| Information shown |
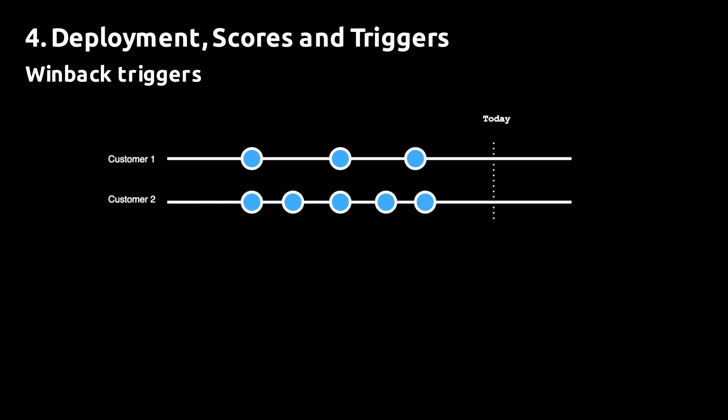However, customer two has shown a shift in purchase cadence, which is actually a strong churn signal.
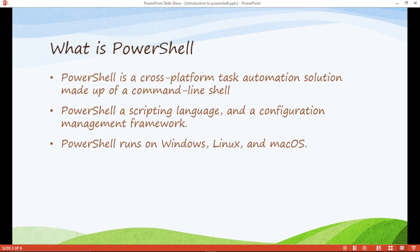What is PowerShell? PowerShell is a cross-platform task automation solution made of command line shell. What does that mean? It means that PowerShell is a scripting language where we code like C++ and it will automate our task.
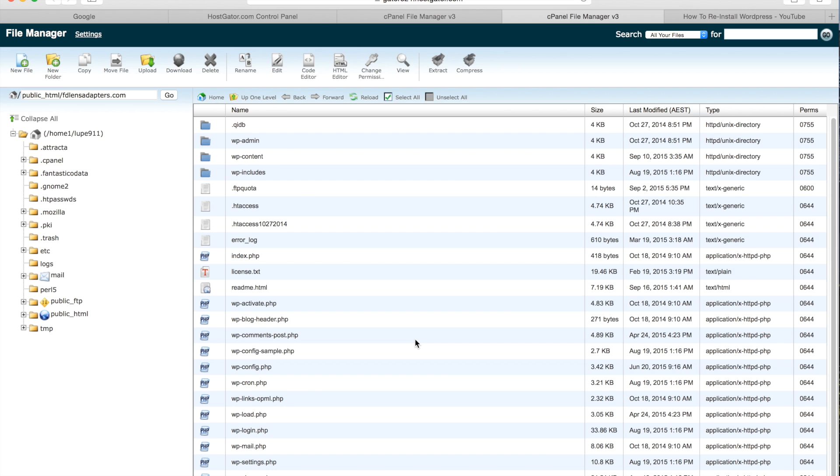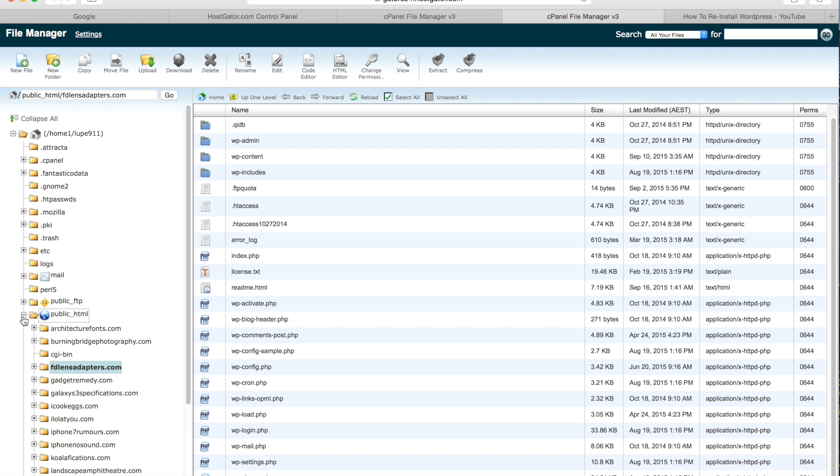So this will bring you up with the file manager, then you want to go over to the left hand side and open up the public underscore HTML file and then from there you want to open up your domain name file.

| Exercise brief |
Exactly as written, please give again the lines from the beginning of the listing through the line containing "What is PowerShell?", inclusive, without any pictures.

| Response below |
However, customer two has shown a shift in purchase cadence, which is actually a strong churn signal.
What is PowerShell? PowerShell is a cross-platform task automation solution made of command line shell. What does that mean? It means that PowerShell is a scripting language where we code like C++ and it will automate our task.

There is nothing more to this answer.